The two Coot chicks at Peter Pan are now out of the nest and swimming around to be fed by their mother, but their wise parents are keeping them close to the nest in case of raids.
The Mallard is a much less careful parent, swimming around all over the lake with her brood. But she has not lost any ducklings since yesterday, and there are still eight.
This can be attributed to the low numbers of big gulls on the lake -- just a handful of Lesser Black-Backs and a couple of Herring Gulls at the moment. At least some of the regular Herring Gulls that visit the park are from the breeding colony around Paddington Station, and these will now be attending to their chicks in their rooftop nests. Herring Gulls are skilled scavengers and don't have to fly all the way to the park for food. Everywhere -- waste bins, the backs of restaurants, the fish stall in Church Street Market -- provides a wealth of opportunity.

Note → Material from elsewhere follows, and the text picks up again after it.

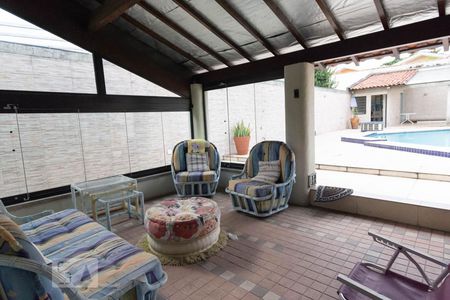 Casa para alugar com 500m², 4 quartos e 4 vagasSala Externa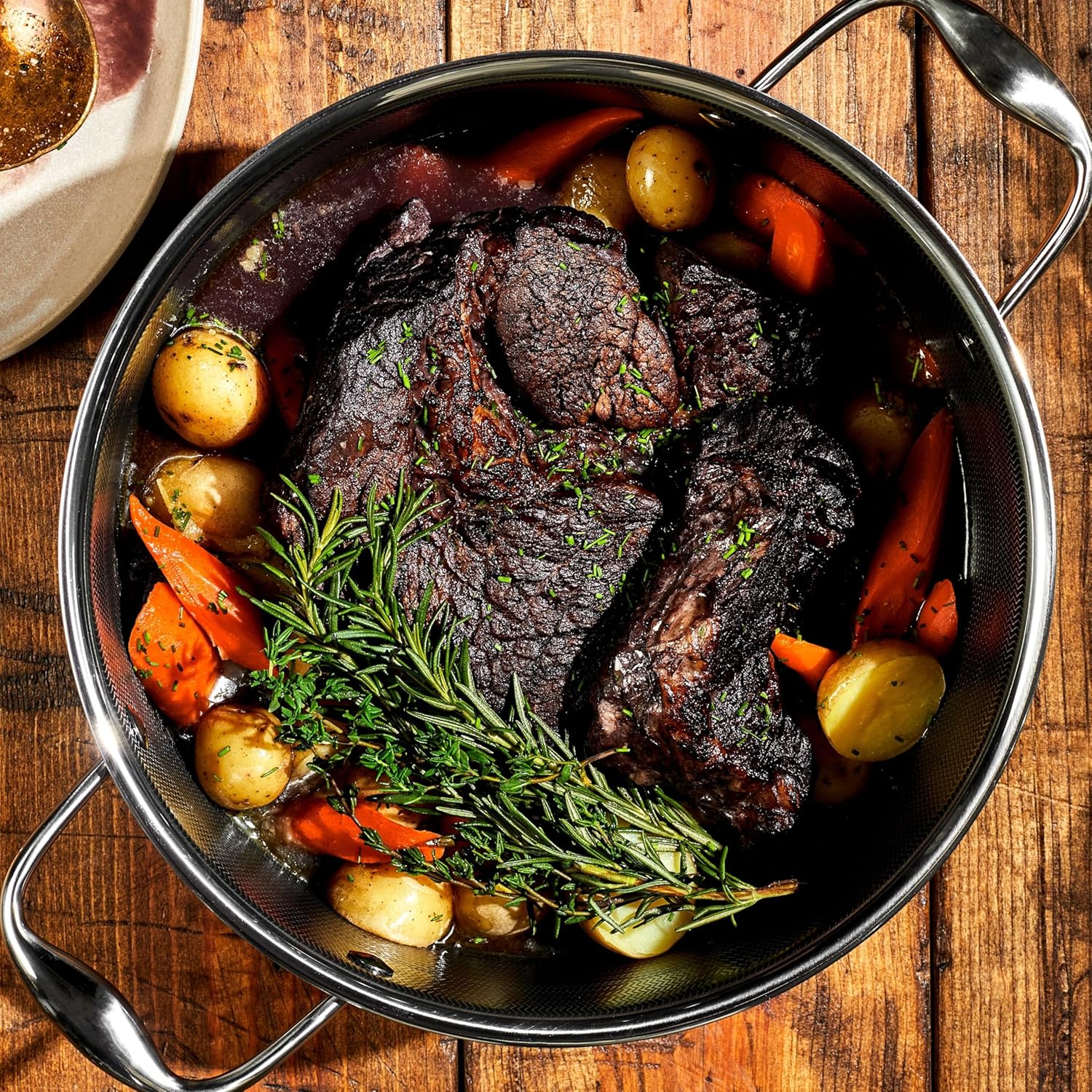 HexClad Hybrid Nonstick 5-Quart Dutch Oven with Stainless Steel Lid, Stay-Cool Handles, Dishwasher-Friendly, Oven-Safe Up to 900°F, Induction Ready, Compatible with All Cooktops - Culinary Roots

Although many of the big gulls are migrants, there has not been a single month since I started counting birds in 2004 when I haven't recorded at least a few Herring Gulls and Lesser Black-Backs in my monthly total.
No Tawny Owls were visible, and rather surprisingly neither was the Little Owl, although I was expecting him to be sunbathing on his usual branch and visited the tree three times. I haven't seen him for several days, and think he may have switched to a perch in the tall lime tree next to their nest tree, in which he is completely invisible from below.
After at least of week of silence, the Blackbirds started singing again yesterday and have continued today. Normally they stop singing around the beginning of July, but this is a strange year.
This dragonfly is a Black-Tailed Skimmer, Orthetrum cancellatum.
It was hunting insects over one of the ponds in the Italian Garden, which are at the moment a productive spot because they have algae floating on the surface and the fountains have been out of order for several days.